>>>>

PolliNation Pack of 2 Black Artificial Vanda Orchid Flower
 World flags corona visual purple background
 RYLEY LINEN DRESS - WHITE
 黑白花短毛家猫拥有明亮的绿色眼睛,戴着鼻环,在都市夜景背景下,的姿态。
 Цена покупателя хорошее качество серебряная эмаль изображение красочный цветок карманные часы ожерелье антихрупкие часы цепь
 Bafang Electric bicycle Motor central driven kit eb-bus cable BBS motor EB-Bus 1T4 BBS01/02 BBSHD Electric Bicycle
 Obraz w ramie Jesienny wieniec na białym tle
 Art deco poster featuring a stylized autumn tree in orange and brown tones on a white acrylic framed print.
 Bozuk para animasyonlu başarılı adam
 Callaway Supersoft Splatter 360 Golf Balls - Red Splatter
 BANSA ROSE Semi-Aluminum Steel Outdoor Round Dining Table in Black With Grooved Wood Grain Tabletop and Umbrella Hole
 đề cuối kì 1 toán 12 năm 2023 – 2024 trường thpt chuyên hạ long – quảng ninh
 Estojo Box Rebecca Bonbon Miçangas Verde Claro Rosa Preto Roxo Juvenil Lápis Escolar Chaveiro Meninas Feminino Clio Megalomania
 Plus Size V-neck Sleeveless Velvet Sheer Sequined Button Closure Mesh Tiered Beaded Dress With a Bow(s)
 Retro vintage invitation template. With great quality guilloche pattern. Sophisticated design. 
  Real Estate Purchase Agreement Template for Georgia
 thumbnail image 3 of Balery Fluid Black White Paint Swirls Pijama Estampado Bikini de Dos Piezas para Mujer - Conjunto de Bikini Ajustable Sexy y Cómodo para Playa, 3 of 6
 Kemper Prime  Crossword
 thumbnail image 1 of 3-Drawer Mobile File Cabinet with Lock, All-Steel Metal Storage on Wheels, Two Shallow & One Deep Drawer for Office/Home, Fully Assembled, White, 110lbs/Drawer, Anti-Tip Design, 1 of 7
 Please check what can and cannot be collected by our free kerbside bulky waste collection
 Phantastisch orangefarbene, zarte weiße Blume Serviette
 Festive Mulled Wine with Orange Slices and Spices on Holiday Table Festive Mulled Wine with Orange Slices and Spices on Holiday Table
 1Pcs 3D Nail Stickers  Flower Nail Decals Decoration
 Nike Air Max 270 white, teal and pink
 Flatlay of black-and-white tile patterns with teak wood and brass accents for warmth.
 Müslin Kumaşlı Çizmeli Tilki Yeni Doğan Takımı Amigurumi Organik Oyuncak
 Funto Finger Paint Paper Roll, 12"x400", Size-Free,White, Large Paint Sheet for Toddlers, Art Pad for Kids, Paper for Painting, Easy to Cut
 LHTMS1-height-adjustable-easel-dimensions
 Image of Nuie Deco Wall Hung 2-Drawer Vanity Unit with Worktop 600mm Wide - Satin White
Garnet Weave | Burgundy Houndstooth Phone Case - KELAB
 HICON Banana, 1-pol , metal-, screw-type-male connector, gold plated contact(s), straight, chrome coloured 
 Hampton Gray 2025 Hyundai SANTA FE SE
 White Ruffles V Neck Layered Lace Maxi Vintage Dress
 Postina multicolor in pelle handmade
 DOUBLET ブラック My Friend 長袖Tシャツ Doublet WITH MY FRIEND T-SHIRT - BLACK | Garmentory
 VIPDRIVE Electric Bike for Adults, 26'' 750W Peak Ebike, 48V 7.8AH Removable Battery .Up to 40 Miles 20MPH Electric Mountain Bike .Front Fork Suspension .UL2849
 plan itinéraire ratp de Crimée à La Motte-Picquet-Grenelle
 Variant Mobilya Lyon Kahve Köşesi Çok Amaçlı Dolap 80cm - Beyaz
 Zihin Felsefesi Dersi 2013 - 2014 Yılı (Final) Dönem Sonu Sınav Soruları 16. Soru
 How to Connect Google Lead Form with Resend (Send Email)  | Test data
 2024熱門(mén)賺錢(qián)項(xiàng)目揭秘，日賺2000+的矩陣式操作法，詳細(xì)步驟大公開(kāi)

<<<<

- ASSIGNED TASK
Go to the line in the listing above that has "Variant Mobilya Lyon" in it. Set down that line and each one after it, exactly.

- ANSWER TO THIS EXERCISE
 Variant Mobilya Lyon Kahve Köşesi Çok Amaçlı Dolap 80cm - Beyaz
 Zihin Felsefesi Dersi 2013 - 2014 Yılı (Final) Dönem Sonu Sınav Soruları 16. Soru
 How to Connect Google Lead Form with Resend (Send Email)  | Test data
 2024熱門(mén)賺錢(qián)項(xiàng)目揭秘，日賺2000+的矩陣式操作法，詳細(xì)步驟大公開(kāi)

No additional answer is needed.